— Exercise details —
All lines of the following material must be written out exactly as they appear.

— Recorded information —
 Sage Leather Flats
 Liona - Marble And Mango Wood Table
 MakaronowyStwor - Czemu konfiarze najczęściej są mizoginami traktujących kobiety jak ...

— Answer section —
 Sage Leather Flats
 Liona - Marble And Mango Wood Table
 MakaronowyStwor - Czemu konfiarze najczęściej są mizoginami traktujących kobiety jak ...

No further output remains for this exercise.